Sarajane Parfitt, 55, who is now facing another operation to remove the kidney, suffered severe emotional distress and is vulnerable to infections thanks to the botched operation, according to the suit.

“During this difficult time for patient Sarajane Parfitt and her family members, we offer our sympathy,” Community Regional Medical Center said in a statement to the Fresno Bee. “Because this case is pending, we are unable to comment.”

The mistake initially went undetected following the June, 2021, operation. But when the organ was examined by a pathologist, he “was so astonished, he asked other pathologists to confirm his diagnoses,” according to the suit. Ultimately, five pathologists agreed the organ submitted for examination was a spleen, and not a kidney.

“They called the hospital,” said Parfitt’s attorney Paul Pimentel. “The hospital immediately runs a CT scan and sure enough, her kidney which should’ve been removed, was still there. They’d taken out the wrong organ, her spleen.”

Pimentel called the surgical error “insane.”

The lawsuit names Dr. Narayana Ambati, Community Regional Medical Center and Urology Associates of Central California. Also mentioned is another doctor identified as Shahin Chandrasoma of Pasadena.

Mike Ball, an attorney for Ambati, told the Fresno Bee the incident was fully investigated by the California Department of Public Health and that the surgeon was, Chandrasoma, who was a visiting surgeon.

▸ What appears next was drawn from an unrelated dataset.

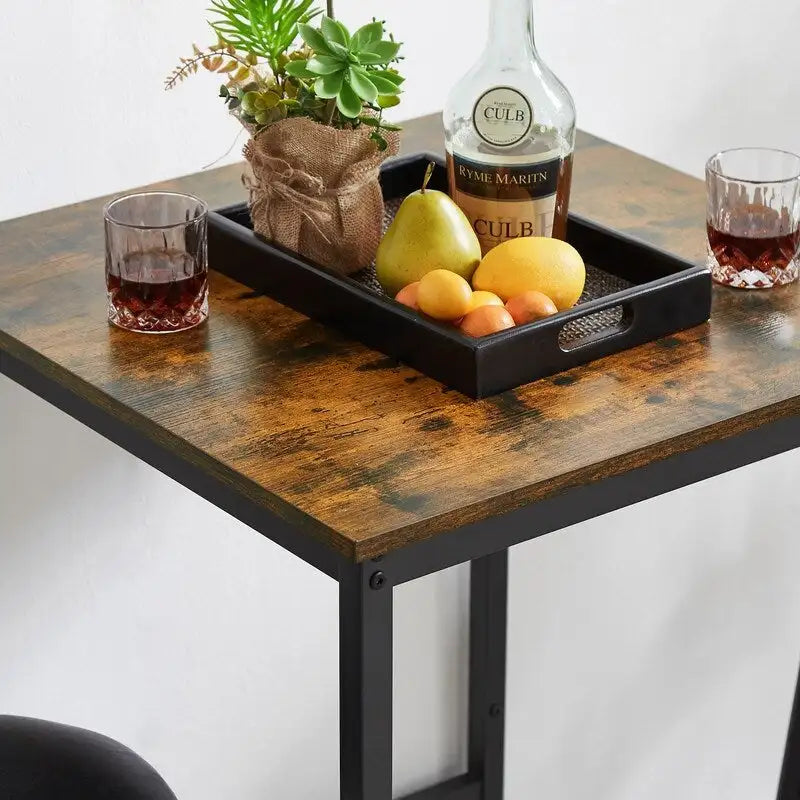 Tables et chaises de bar style industriel Eureka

Pimentel acknowledged it is possible that Ambati did not perform the surgery, but said he hadn’t “had that confirmed.”

When a spleen is removed, other organs take over its functions, but it brings a higher risk of serious infections, according to the Mayo Clinic.

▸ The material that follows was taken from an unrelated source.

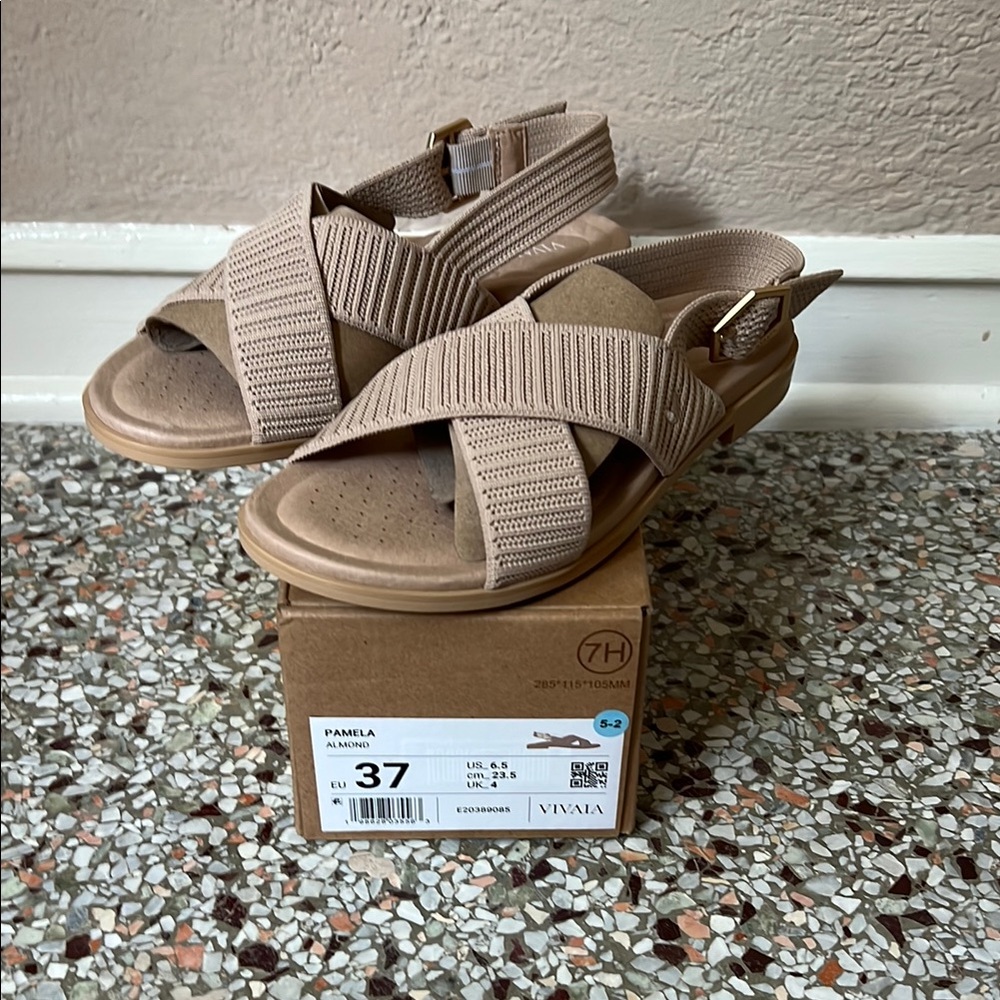 Vivaia arch-pro adapt all pamela sandals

“She’s at risk for infections and she has to be very sensitive to that issue,” Pimentel said. “She’s had to have a lot of injections to prevent infections in the future. And she still needs her kidney out.”

In a 2017 case in Orange County, California, a Santa Ana urologist was barred from further kidney surgeries after removing a patient’s spleen instead of a kidney, according to The LAist.